Posted Sep 01 2008 7:17pm
Here's an excerpt from an interview with John Robbins on the topic of How to Live Sustainably. He brings up the same point I was stuck on when I saw the movie An Inconvenient Truth
Q: Isn't it also interesting that the ethical arguments around not eating meat are so strong yet the environmental ones are equally strong? Neither needs the other to prop it up; each stands on its own as reason enough to follow a plant-based diet.
A: (John Robbins) Yes, and they are also totally congruent. It is rare in life that something is this clear; usually there's at least some trade-off. But what's best for animals is also best for us and for the planet. The whole discussion regarding the environmental impact of modern meat production was something I brought forward in Diet For A New America and have been working to raise awareness of ever since then. It has had quite a boost in the last few years.
In 2006, the Food and Agriculture Organization (FAO) of the United Nations released a report entitled Livestock's Long Shadow. It looked at the direct impact of meat production and also at the impact of the feed crop agriculture required for meat production.
The report stated that meat production is the second or third largest contributor to environmental problems at every level and at every scale, from global to local. It is responsible for land degradation, air pollution, water shortage, water pollution, species extinction, loss of biodiversity and climate change. HenningSteinfeld, a senior author of the report, stated, "Livestock are one of the most significant contributors to today's most serious environmental problems. Urgent action is required to remedy the situation."
Al Gore, in his documentary An Inconvenient Truth, ignored this whole issue completely. He hasn't changed his position since, despite the UN coming out with this massive report. When is Gore going to get it?

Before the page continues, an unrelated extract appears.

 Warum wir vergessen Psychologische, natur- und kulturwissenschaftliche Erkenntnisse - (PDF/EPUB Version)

The FAO report is considered the most definitive, comprehensive and reliable assessment we have. And it states that livestock production generates a staggering 65% of the nitrous oxide produced by human activities, and this greenhouse gas has an even more staggering 296 times the Global Warming Potential of carbon dioxide. The FAO concluded that overall, livestock production is responsible for 18% of greenhouse gas emissions, a bigger share than that of transport. What that means is meat production contributes more to global warming than all the trucks, cars and planes in the world combined.
The Live Earth concert handbook stated that "Refusing meat is the single most effective thing you can do to reduce your carbon footprint." Even Environmental Defence, a group which has justifiably been called Bush's favourite environmental group, calculates that if every meat eater in the US swapped just one meal of chicken per week for a vegetarian meal, the carbon saving would be equivalent to taking half a million cars off the road.

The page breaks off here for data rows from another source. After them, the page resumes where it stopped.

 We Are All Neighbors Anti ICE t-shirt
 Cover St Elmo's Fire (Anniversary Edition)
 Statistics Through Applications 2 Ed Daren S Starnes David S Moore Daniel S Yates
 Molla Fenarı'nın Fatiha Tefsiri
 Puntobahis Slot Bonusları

In 2006, a University of Chicago study found that a vegan diet is far more effective than driving a hybrid car in reducing carbon footprint. "Vegetarianism is the new Prius" is a phrase I heard recently. But it's actually more effective than driving a Prius. If you're going to drive a car a hybrid vehicle is the way to go, there's no doubt about it. But as the FAO report stated, all the SUVs, Hummers, trucks, ships and planes in the world contribute less to the problem than meat. The meat-eating Prius driver has a bigger carbon footprint than the vegan Hummer driver, not that there are probably too many of those!